INSTRUCTIONS FOR THE TASK:
With pictures excluded, copy word for word the lines in the data below from the line containing "Uncertainty does increase" through the line containing "Another question: does".

RECORDS SUPPLIED:
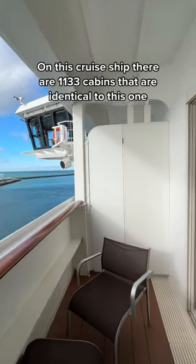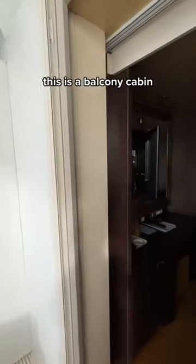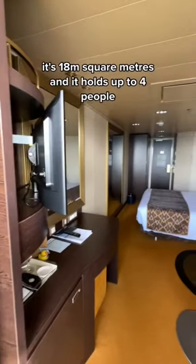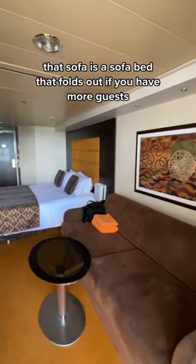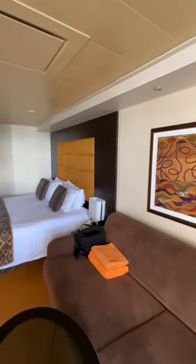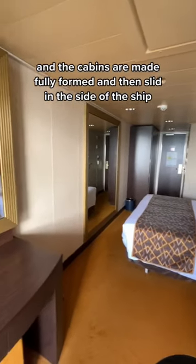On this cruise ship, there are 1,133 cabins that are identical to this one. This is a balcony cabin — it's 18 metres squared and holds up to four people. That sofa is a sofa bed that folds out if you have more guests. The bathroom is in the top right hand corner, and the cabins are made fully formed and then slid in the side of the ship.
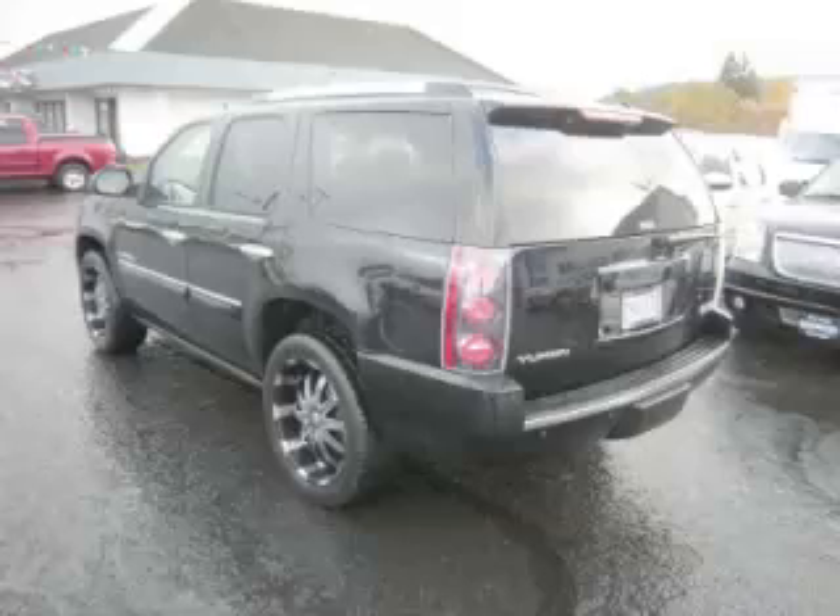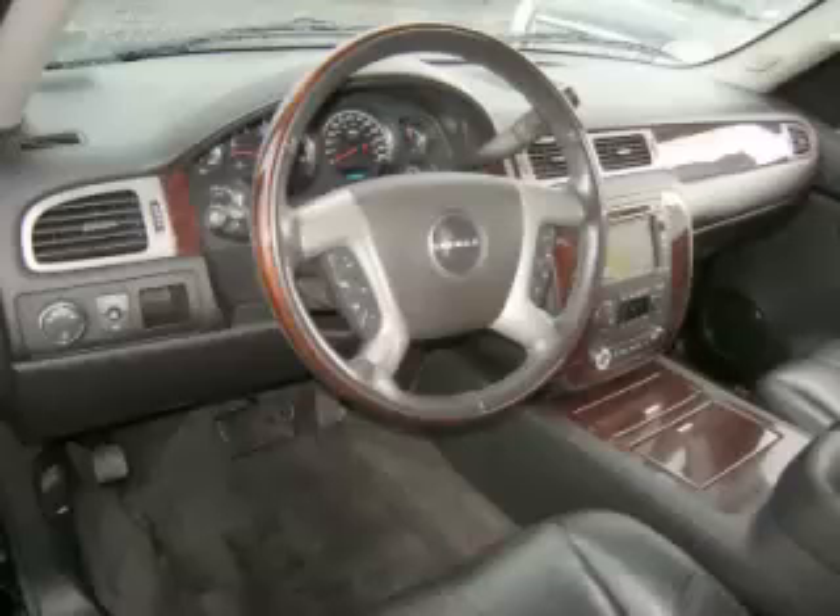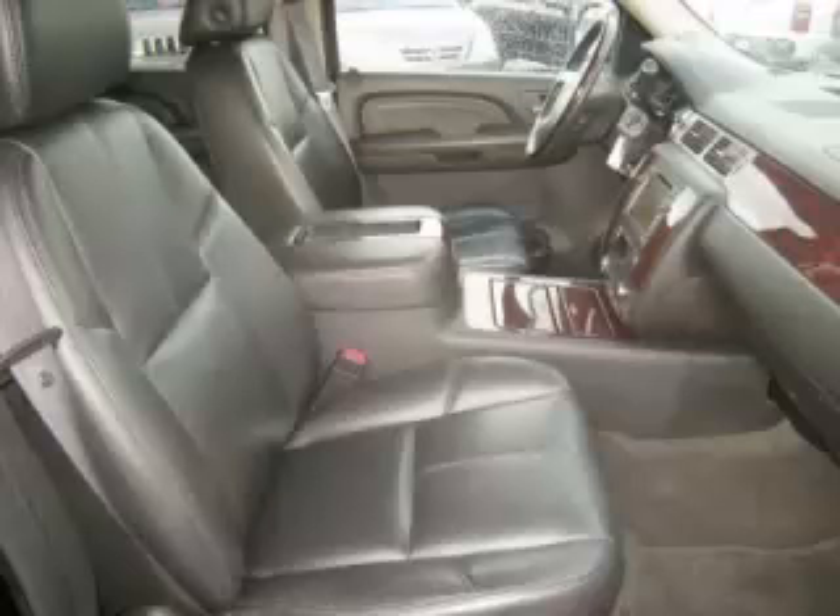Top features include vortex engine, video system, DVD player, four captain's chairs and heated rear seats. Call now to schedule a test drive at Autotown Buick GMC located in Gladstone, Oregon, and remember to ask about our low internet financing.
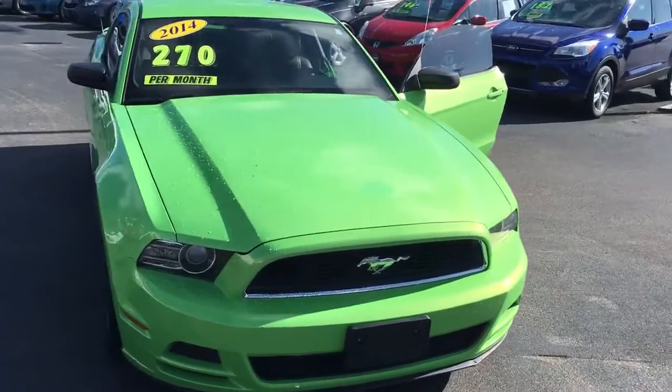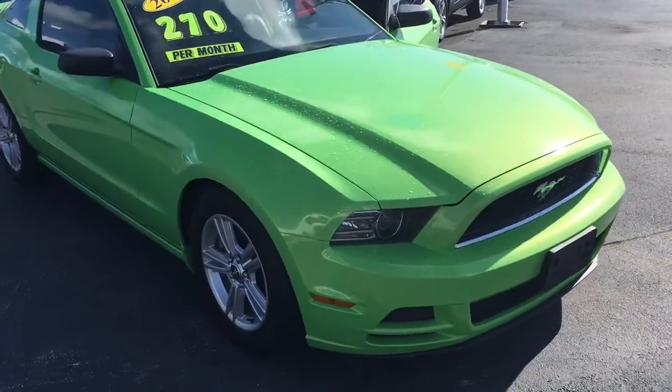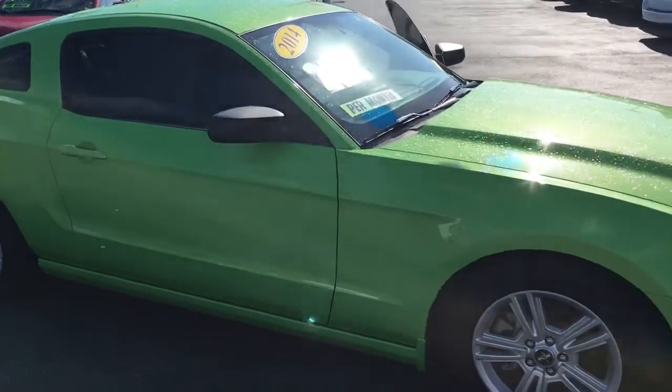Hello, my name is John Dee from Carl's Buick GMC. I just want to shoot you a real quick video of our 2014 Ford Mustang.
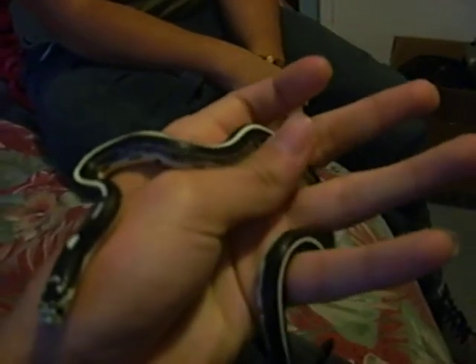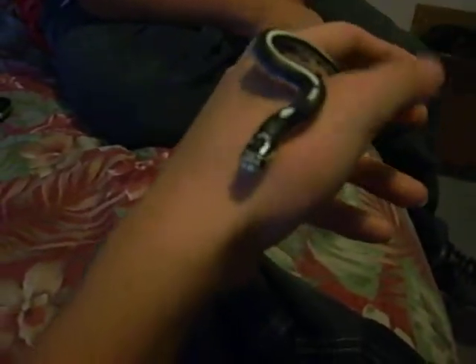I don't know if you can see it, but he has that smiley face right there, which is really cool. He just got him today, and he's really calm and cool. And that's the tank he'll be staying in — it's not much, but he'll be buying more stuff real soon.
...
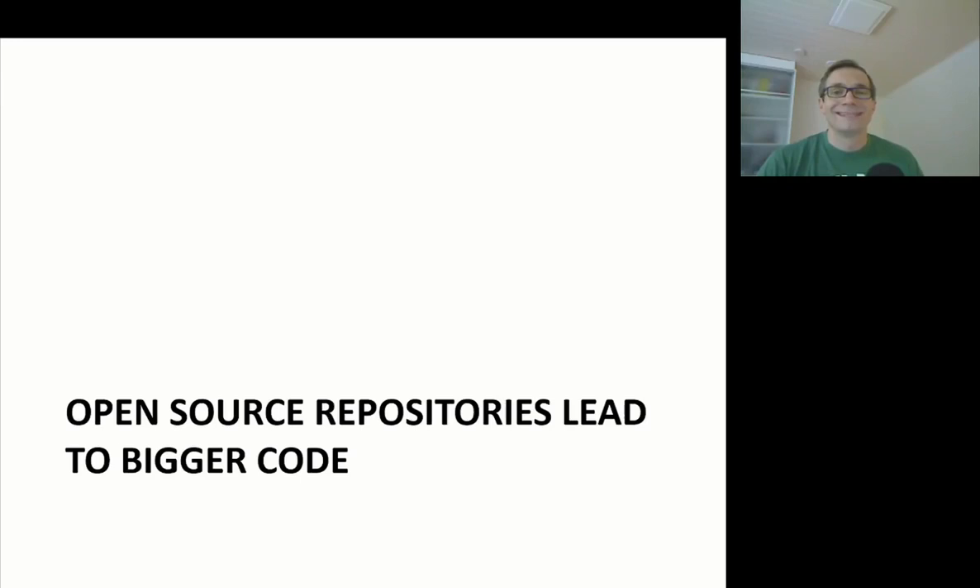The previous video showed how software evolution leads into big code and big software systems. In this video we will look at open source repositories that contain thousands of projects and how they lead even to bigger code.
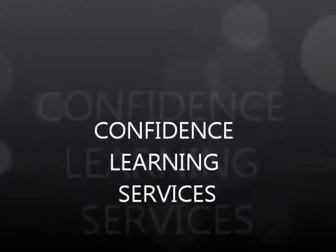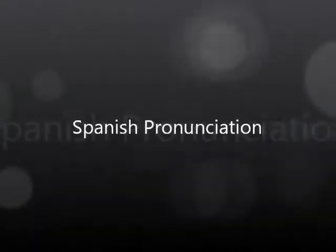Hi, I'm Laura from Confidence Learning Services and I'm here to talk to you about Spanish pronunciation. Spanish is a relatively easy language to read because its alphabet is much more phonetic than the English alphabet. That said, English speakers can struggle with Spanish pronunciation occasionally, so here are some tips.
---
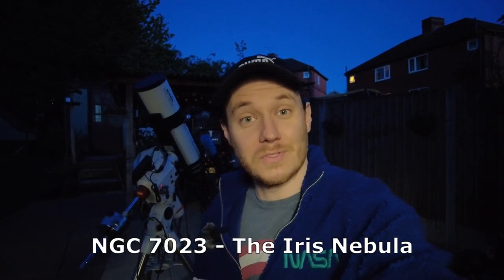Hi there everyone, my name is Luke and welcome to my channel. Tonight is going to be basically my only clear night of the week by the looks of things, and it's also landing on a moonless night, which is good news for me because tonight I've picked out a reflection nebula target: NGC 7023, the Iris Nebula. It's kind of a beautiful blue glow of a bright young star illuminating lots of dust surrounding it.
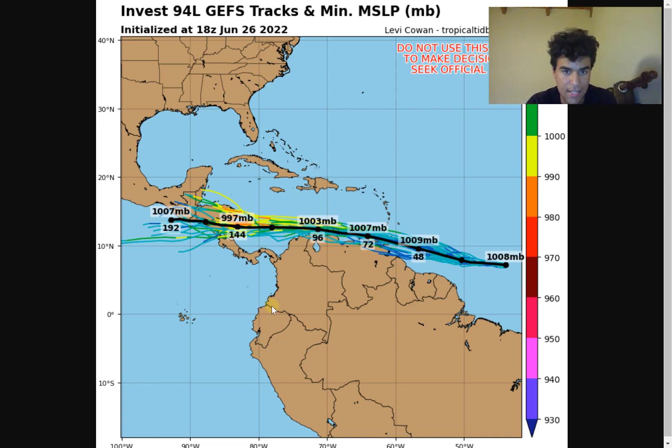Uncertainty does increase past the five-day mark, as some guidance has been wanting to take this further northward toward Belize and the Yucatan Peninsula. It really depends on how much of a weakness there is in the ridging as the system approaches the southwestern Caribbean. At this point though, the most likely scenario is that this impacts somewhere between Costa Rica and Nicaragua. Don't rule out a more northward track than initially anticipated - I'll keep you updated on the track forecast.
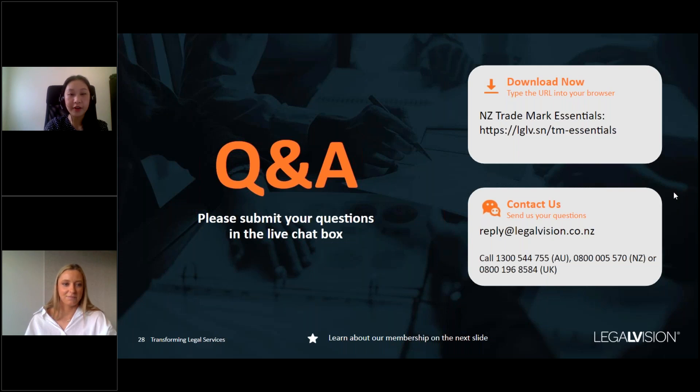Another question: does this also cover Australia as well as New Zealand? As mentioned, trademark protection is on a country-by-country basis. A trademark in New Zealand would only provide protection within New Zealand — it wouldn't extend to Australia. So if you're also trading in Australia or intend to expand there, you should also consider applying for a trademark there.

TASK ANSWER:
Uncertainty does increase past the five-day mark, as some guidance has been wanting to take this further northward toward Belize and the Yucatan Peninsula. It really depends on how much of a weakness there is in the ridging as the system approaches the southwestern Caribbean. At this point though, the most likely scenario is that this impacts somewhere between Costa Rica and Nicaragua. Don't rule out a more northward track than initially anticipated - I'll keep you updated on the track forecast.
Another question: does this also cover Australia as well as New Zealand? As mentioned, trademark protection is on a country-by-country basis. A trademark in New Zealand would only provide protection within New Zealand — it wouldn't extend to Australia. So if you're also trading in Australia or intend to expand there, you should also consider applying for a trademark there.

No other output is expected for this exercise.